La ministra de Comercio, Diana Marcela Morales, presentó en el Gran Foro Economía y Negocios de Forbes Colombia 2025 la visión del Gobierno para integrar la economía popular a la reindustrialización y destacó cifras de crecimiento, formalización e inversión en el país.
El Gran Foro Economía y Negocios de Forbes Colombia 2025 abrió con un mensaje contundente sobre el rumbo económico del país y el rol central que juegan los territorios en la transformación productiva. La ministra de Comercio, Industria y Turismo, Diana Marcela Morales, fue la encargada de presentar la hoja de ruta del Gobierno, enfocada en una reindustrialización basada en conocimiento, valor agregado y una integración activa de la economía popular.
La ministra enfatizó que el país enfrenta el reto de corregir una exclusión estructural que por décadas dejó por fuera del sistema financiero y de los mercados formales a millones de productores. En su visión, defender la economía popular no significa romantizar la informalidad, sino reconocerla como un componente esencial del tejido productivo que ha sostenido comunidades enteras: barrios, municipios y territorios rurales que han construido capacidades con poco acceso a instrumentos modernos de productividad.
En su intervención, Morales destacó los avances más significativos de la política pública orientada a integrar a estas unidades productivas en un ecosistema económico más robusto. Por primera vez, miles de negocios de pequeña escala accedieron a líneas de crédito formal mediante el trabajo conjunto con Bancóldex, el Fondo Nacional de Garantías, Finagro e Impulsa Colombia. En total, 870.896 unidades productivas han logrado financiamiento legítimo, una cifra que multiplica por ocho la meta establecida en el Plan Nacional de Desarrollo.
La ministra subrayó que el crédito por sí solo no transforma economías; es la combinación con conocimiento, asistencia técnica y mejora productiva lo que crea capacidades duraderas. Gracias a programas impulsados por Impulsa Colombia y otras entidades estatales, más del 50 % de las unidades productivas acompañadas se han formalizado o integrado como proveedores industriales, un indicador que, según Morales, demuestra que la política económica no crea dependencias, sino autonomía productiva.
Un componente clave de esta nueva arquitectura industrial es la red de 77 centros ZASCA de reindustrialización instalados en 26 departamentos.
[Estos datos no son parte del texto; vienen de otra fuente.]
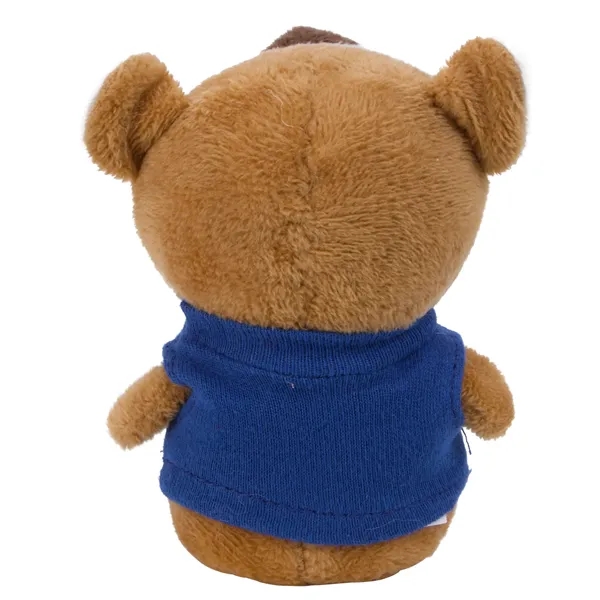 Custom Chelsea Teddy Bear™ Shorties - 4" Plush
Estos centros de tecnología y diseño han beneficiado a más de 11.500 personas y 922 unidades productivas, democratizando el acceso a maquinaria, laboratorios, formación especializada y herramientas de innovación que antes estaban concentradas en pocas regiones.
La ministra también destacó los avances en encadenamientos productivos: mipymes y unidades de economía popular ya participan como proveedores en sectores como movilidad eléctrica, agroindustria avanzada, manufactura especializada, salud y aeronáutica. Según Morales, esto marca el fin de un modelo fragmentado y el inicio de un sistema interconectado que amplía la diversidad y competitividad industrial del país.
Otro hito relevante es la inclusión, por primera vez, de la economía popular en los contratos de zonas francas. Citó el caso de Palmaseca como ejemplo de un gran instrumento industrial que incorpora compromisos verificables con productores locales, fortaleciendo el vínculo entre la gran industria y los territorios.
La ministra respaldó su mensaje con cifras del comportamiento económico reciente. Al cierre de septiembre de 2025, el crecimiento acumulado del PIB fue de 2,8%, frente al 1,2% en el mismo periodo de 2024. El tercer trimestre mostró un desempeño sobresaliente en administración pública, comercio, transporte y manufactura. El consumo de los hogares creció 4,2%, en coherencia con el aumento de registros mercantiles de mipymes y micronegocios y la reducción del desempleo y la informalidad.
Morales concluyó que Colombia no está eligiendo entre industria y economía popular, sino construyendo una industria más fuerte al incorporar la inteligencia económica de los territorios. Y cerró con una afirmación contundente: la economía colombiana está creciendo más que la de Canadá, España, Corea del Sur, Reino Unido, Francia, Alemania e Italia. El país, dijo, avanza en un camino de transformación productiva que busca dignificar el trabajo y expandir las capacidades de su gente.